Simple Checksums Considered Harmful

Lets talk about iSCSI for a moment, as a launching point for a discussion about data integrity. iSCSI relies on CRC32 to catch data corruption. CRC32 is a good fit for this purpose, but most previous uses of it had been confined to very low levels of the system and implemented in hardware. iSCSI uses CRC32 way up in the protocol header, where it is generally computed in software. The overhead of computing the CRC is one reason why so many hardware offload adaptors were developed for iSCSI.

Intel recently released a whitepaper describing how they achieved 1 million iSCSI operations per second. One fascinating tidbit is that the CRC32 is no longer a bottleneck. The Nehalem architecture includes an instruction to compute it directly, as part of SSE 4.2. The new instruction is described in the Intel64 and IA-32 Architectures Software Developer's Manual Volume 2A: Instruction Set Reference, A-M. It is on page 3-221 of the December 2009 edition; search for CRC32 in later editions.

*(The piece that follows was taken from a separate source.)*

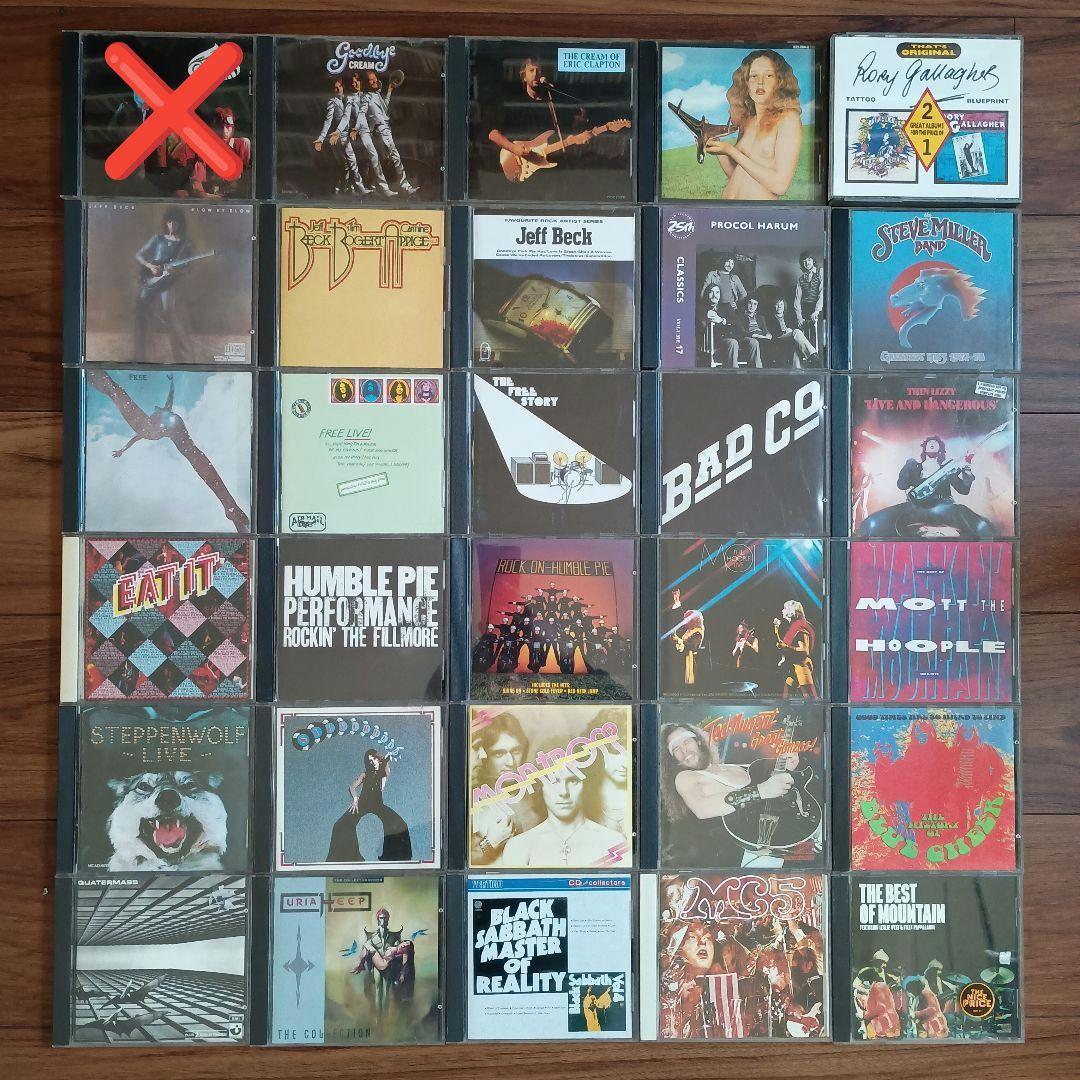 ハードロック中古CD　29作品まとめ売り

CRC32 r32, r/m8Accumulate CRC32 on r/m8
CRC32 r32, r/m16Accumulate CRC32 on r/m16
CRC32 r32, r/m32Accumulate CRC32 on r/m32
CRC32 r64, r/m8Accumulate CRC32 on r/m8
CRC32 r64, r/m64Accumulate CRC32 on r/m64

Thats it. You load words from memory and hand them to the CRC32 instruction. If you were already making a pass over the data for any reason, the CRC calculation is free. Table-driven CRC generation implementations were already fast, but this is even faster.

What does this mean? I think it means weak checksums should no longer be used for anything. Applications which care about data integrity moved to MD5 or SHA1 years ago, but you still see specifications in other contexts written to use Adler-32 or even the venerable 16-bit TCP checksum. Its not appropriate to use these any more. Server CPUs can compute CRC32 for free, and embedded CPUs have long included CRC32 calculation in DMA engines.